Nei tavoli in atto da tempo riguardanti le riforme strutturali, da quella fiscale a quella del mercato del lavoro, la famiglia è totalmente assente e in nessun modo si tiene conto del nucleo familiare come unità economica e maggior meccanismo di redistribuzione dei redditi e della ricchezza. Ecco quindi che ora scontiamo tutta una serie di conseguenze negative della scelta di non puntare l’attenzione sulla famiglia come tale, che fa in qualche modo generare un circolo vizioso della crisi generale sia dello Stato che del mercato.
Tarantola ha spiegato che le famiglie italiane hanno svolto e continueranno a svolgere anche nel 2012 un’importante funzione di ammortizzatore sociale contro la crisi. Cosa ne pensa?
Il ruolo di ammortizzatore sociale è svolto dalle famiglie da circa trent’anni, praticamente da quando si sono abbandonate le politiche sociali commisurate alla famiglia come tale. Faccio solo un esempio: gli assegni familiari introdotti negli anni Trenta rappresentavano un vero e proprio reddito familiare, ma dall’inizio degli anni Ottanta hanno cominciato a non significare più nulla. Sono quindi circa trent’anni che la famiglia non viene più considerata come un referente di equilibrio sociale, e per questo deve addossarsi tutti i costi delle crisi ricorrenti. Anche se devo ammettere che la definizione di ammortizzatore sociale proprio non mi piace.
Come mai?
Perché significa scaricare le responsabilità dello Stato e del mercato sulla famiglia, il che rappresenta una profonda ingiustizia. La famiglia deve prendersi le sue responsabilità, crescere i figli ed essere un soggetto sociale partecipativo ed economico come lo è da sempre, ma questo suo ruolo deve essere riconosciuto e sostenuto, ma non penalizzato.
E’ stato anche detto che «la crisi ha reso ancora più forte la dipendenza dei membri più deboli dalla famiglia d’origine, riducendo ulteriormente la propensione dei giovani di intraprendere percorsi autonomi, a passare dalla condizione di figlio a quella di genitore». Quanto pesano quindi i giovani disoccupati all’interno di una famiglia?

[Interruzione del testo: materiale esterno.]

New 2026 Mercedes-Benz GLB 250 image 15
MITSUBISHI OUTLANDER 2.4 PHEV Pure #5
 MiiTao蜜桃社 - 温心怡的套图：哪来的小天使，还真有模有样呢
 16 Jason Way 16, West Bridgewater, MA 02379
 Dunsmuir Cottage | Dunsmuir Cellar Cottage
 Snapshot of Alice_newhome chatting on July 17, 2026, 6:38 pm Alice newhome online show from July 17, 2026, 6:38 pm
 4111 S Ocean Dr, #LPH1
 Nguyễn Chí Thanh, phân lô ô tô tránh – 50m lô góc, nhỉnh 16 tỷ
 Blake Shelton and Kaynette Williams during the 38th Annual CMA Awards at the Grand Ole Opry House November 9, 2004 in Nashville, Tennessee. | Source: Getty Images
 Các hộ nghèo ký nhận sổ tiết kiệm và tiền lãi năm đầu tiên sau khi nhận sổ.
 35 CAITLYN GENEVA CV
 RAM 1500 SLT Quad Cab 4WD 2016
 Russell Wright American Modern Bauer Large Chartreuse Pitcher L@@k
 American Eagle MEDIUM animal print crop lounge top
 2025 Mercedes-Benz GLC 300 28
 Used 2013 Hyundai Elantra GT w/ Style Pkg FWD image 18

Pesano moltissimo, anche se avremmo bisogno di fare tutta una serie di precisazioni statistiche. Sappiamo però che l’Italia è il Paese al mondo in cui i figli restano più a lungo nella famiglia di origine, e ormai siamo arrivati a circa un 50% di giovani che fino ai 30-35 anni è a carico delle famiglie. Questa è chiaramente una situazione insostenibile, che deriva da un fatto ben preciso riguardante l’equità tra le generazioni.
Ce ne parli.
Soprattutto in questi ultimi trent’anni, l’Italia ha vissuto su un benessere artificioso, gonfiato, perché si spendeva quello che doveva essere lasciato alle nuove generazioni. Da un paio d’anni a questa parte i nodi sono venuti al pettine, e i giovani si ritrovano a dover pagare quello che i genitori e i nonni hanno consumato nelle generazioni precedenti, ma che in realtà doveva essere lasciato a loro.
Con quali conseguenze?
Un tempo erano i figli ad assistere genitori e anziani, mentre adesso si è completamente invertito il processo, con i nonni che assistono i nipoti e i genitori che devono pensare ai figli. Inoltre oggi nessuna di queste generazioni può fare affidamento su una maggior quantità di risorse, che sono scarse per tutti, dunque la famiglia si ritrova stressata e sotto pressione proprio nella sua capacità di essere lo strumento più importante di redistribuzione fra le generazioni nella società.